Une situation qui en dit long, selon certains évidemment, sur un climat de tension (un de nos confrères a parlé de «perspectives plutôt sombres») qui pourrait dégénérer. D’autant plus que le pays se prépare à «fêter» le septième anniversaire d’une révolution jugée «trahie».
L’occasion de raviver des passions et de faire des bilans. Il faut dire que la situation économique exprime bien un vécu qui n’a fait que se dégrader de par la faute, selon certains avis, des gouvernants qui se sont succédé depuis le 14 janvier 2011.
On a parlé d’amateurisme de certains responsables qui ne sont pas rompus à la gestion de la chose publique. Mais aussi de l’inexpérience de responsables qui ont cru qu’il était facile d’engager le pays sur les voies du progrès.
Changer les «us et coutumes» économiques
On a invoqué aussi la faute d’un peuple, ou du moins d’une partie du peuple, qui n’a pas su profiter de l’événement pour revoir et corriger ses choix économiques et sociétaux. Mais aussi ses «us et coutumes» économiques.
Un peuple qui n’a pas vu- et on ne le dira jamais assez- que c’est dans le travail que réside son seul salut. Un peuple- l’autocritique permet toujours d’avancer- qui s’est laissé aller quelquefois à la facilité et qui a, par moments, traîné une partie de son élite dans la boue.
Doit-on oublier, dans ce même ordre, les vagues de «dégagisme» qui ont gagné les rangs d’une frange de l’opinion? Des vagues qui n’ont pas toujours fait la différence entre le bon grain et l’ivraie. Après avoir été vilipendés, une partie des «dégagés» se retrouvent du reste aux commandes du pays.

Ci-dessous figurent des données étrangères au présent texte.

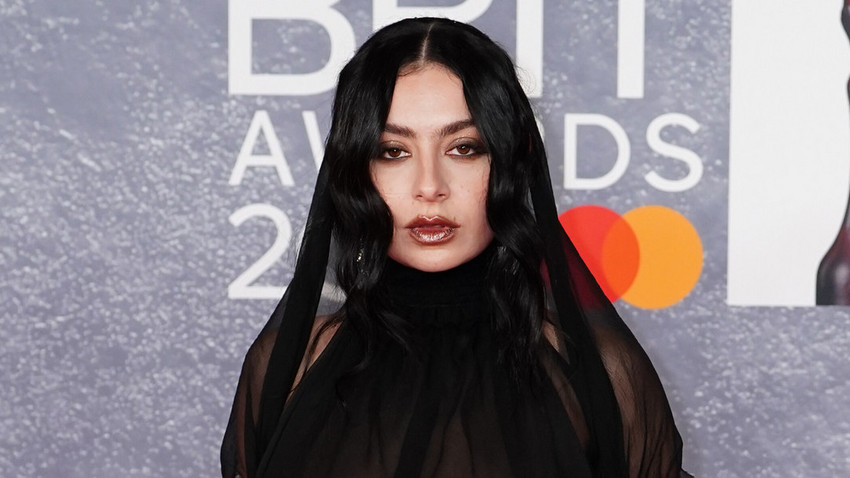 Charli xcx heiratet zum zweiten Mal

D’autres ont pratiquement fui. On parle de quelque 4000 universitaires partis se ressourcer à l’étranger. Dans des universités des pays arabes, du Golfe notamment, ou encore en Asie, en Europe ou aux Amériques. Selon l’OCDE (Organisation de la Coopération et le Développement économique) 94 000 Tunisiens ont quitté le pays de 2011 à 2016 pour aller s’installer en Europe.
Tous ne l’ont pas fait, et pour les autres certainement pas que pour des motifs économiques. Mais aussi en raison d’une dégradation de leur quotidien dans un pays qui ne ressemble plus à ce qu’ils ont connu.
Et le pays est tombé dans l’escarcelle d’un FMI qui ne nous rappelle pas que de bons souvenirs. C’est lui qui serait derrière la décision qui a conduit aux émeutes du pain de l’hiver 1984 (voir Sophie Chautard, Les dictateurs du XXe siècle, éd. Studyrama, Levallois-Perret, 2006, p. 169) qui auraient fait, selon des sources, jusqu’à 143 morts.
«Il aggrave les problèmes des pays où il intervient»
La situation d’aujourd’hui est évidemment bien différente. Comme personne ne veut que la politique menée par le gouvernement pour sortir du marasme ne mène à pareille échéance.
Mais force est de constater que la loi de finances et sa batterie fiscale sont, du moins en partie, menées pour satisfaire un FMI dont un des responsables a qualifié la loi de finances d’ «ambitieuse».
On ne cessera de le dire, «c’est la Tunisie qui est allée au FMI et non le contraire». On ne cessera aussi de dire aussi que vu l’état de nos finances publiques, il n’y a pas meilleur recours.
Mais il faudra aussi dire que, et en prenant en compte le fait que la Tunisie ne dit pas que du bien de son modèle de développement, le FMI n’est peut-être pas quelque part la panacée.
N’oublions pas que des critiques des plus acerbes n’ont cessé de fuser de partout concernant une organisation internationale, née des accords de Bretton Woods, qui pratique une lecture par trop libérale de l’économie.
Voilà ce qu’écrit à son sujet le brillant professeur et économiste allemand Jörg Guido Hülsmann : «Loin de réaliser les buts qu’on lui a fixés, le FMI ne peut les atteindre du fait même de sa nature. Au contraire, il aggrave les problèmes des pays où il intervient» (voir «Pourquoi le FMI nuit-il aux africains?».